The entries below contain pictures. Retype everything except those pictures, exactly as given.

Material provided section start

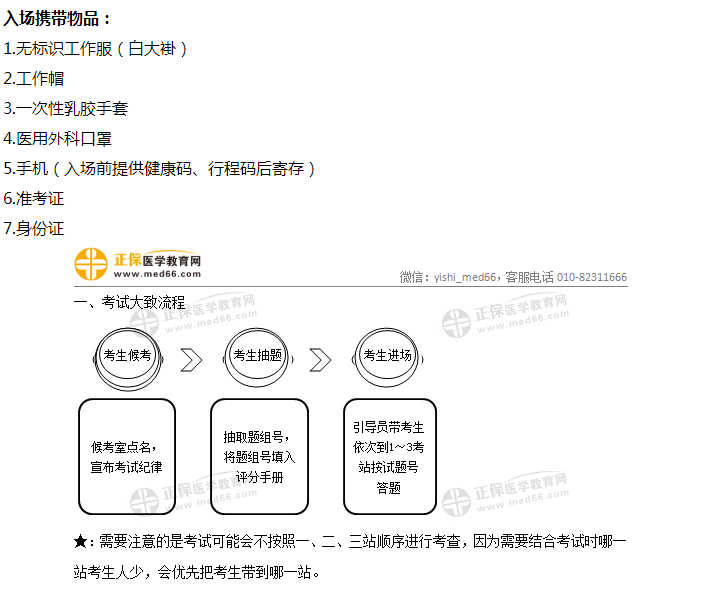 在基地参加临床执业助理医师实践技能考试需要带什么？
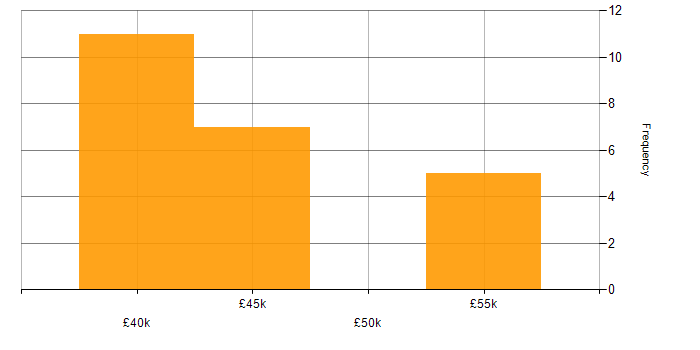 Salary histogram for Capacity Planning in Cheshire
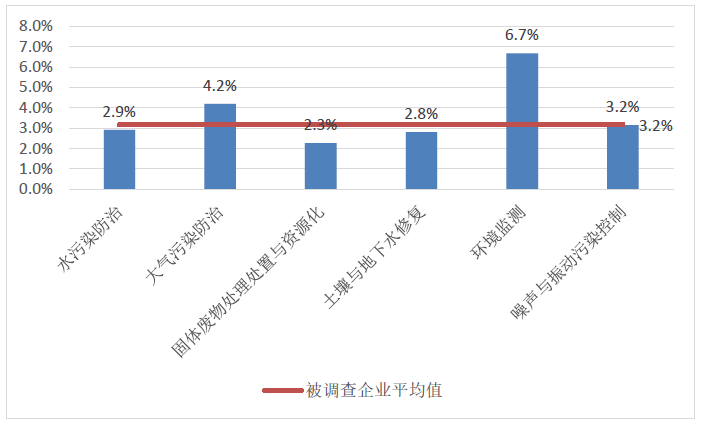 环保行业协会_环保产业协会的作用_协会环保行业有哪些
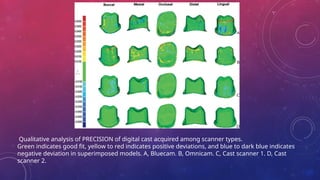 Qualitative analysis of PRECISION of digital cast acquired among scanner types.
Green indicates good fit, yellow to red indicates positive deviations, and blue to dark blue indicates
negative deviation in superimposed models. A, Bluecam. B, Omnicam. C, Cast scanner 1. D, Cast
scanner 2.
 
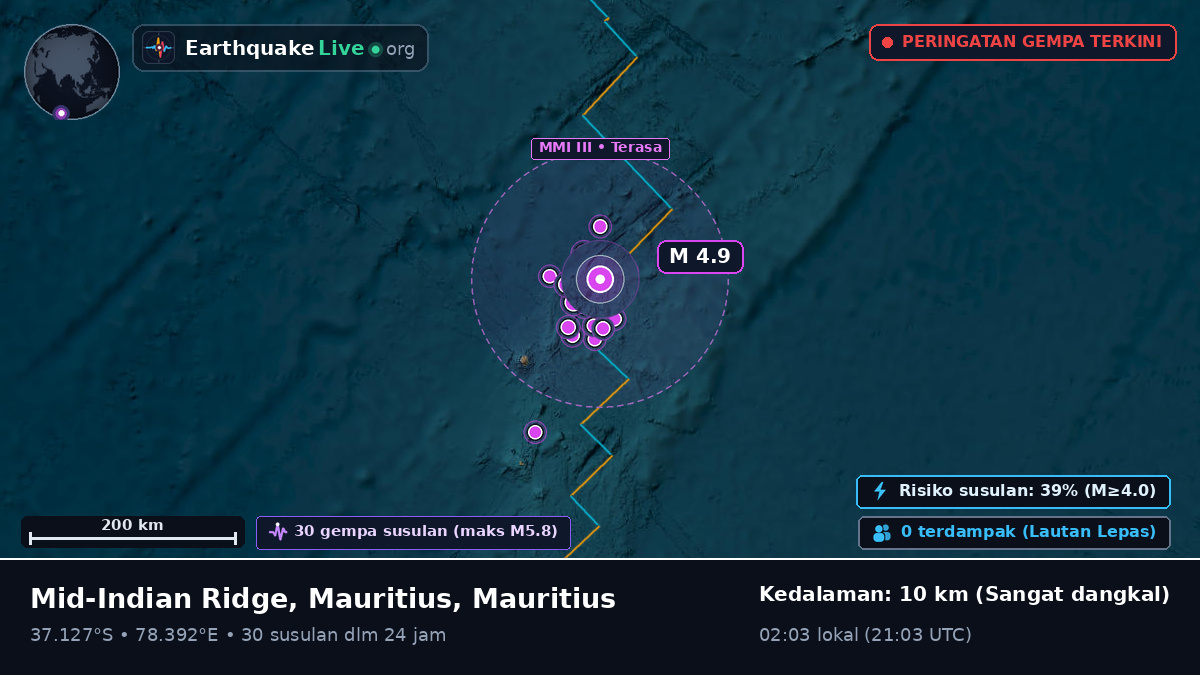 Samudra Hindia (Mauritius)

Material provided section end

▶ **Solution for this exercise**:
 在基地参加临床执业助理医师实践技能考试需要带什么？
 Salary histogram for Capacity Planning in Cheshire
 环保行业协会_环保产业协会的作用_协会环保行业有哪些
 Qualitative analysis of PRECISION of digital cast acquired among scanner types.
Green indicates good fit, yellow to red indicates positive deviations, and blue to dark blue indicates
negative deviation in superimposed models. A, Bluecam. B, Omnicam. C, Cast scanner 1. D, Cast
scanner 2.
 
 Samudra Hindia (Mauritius)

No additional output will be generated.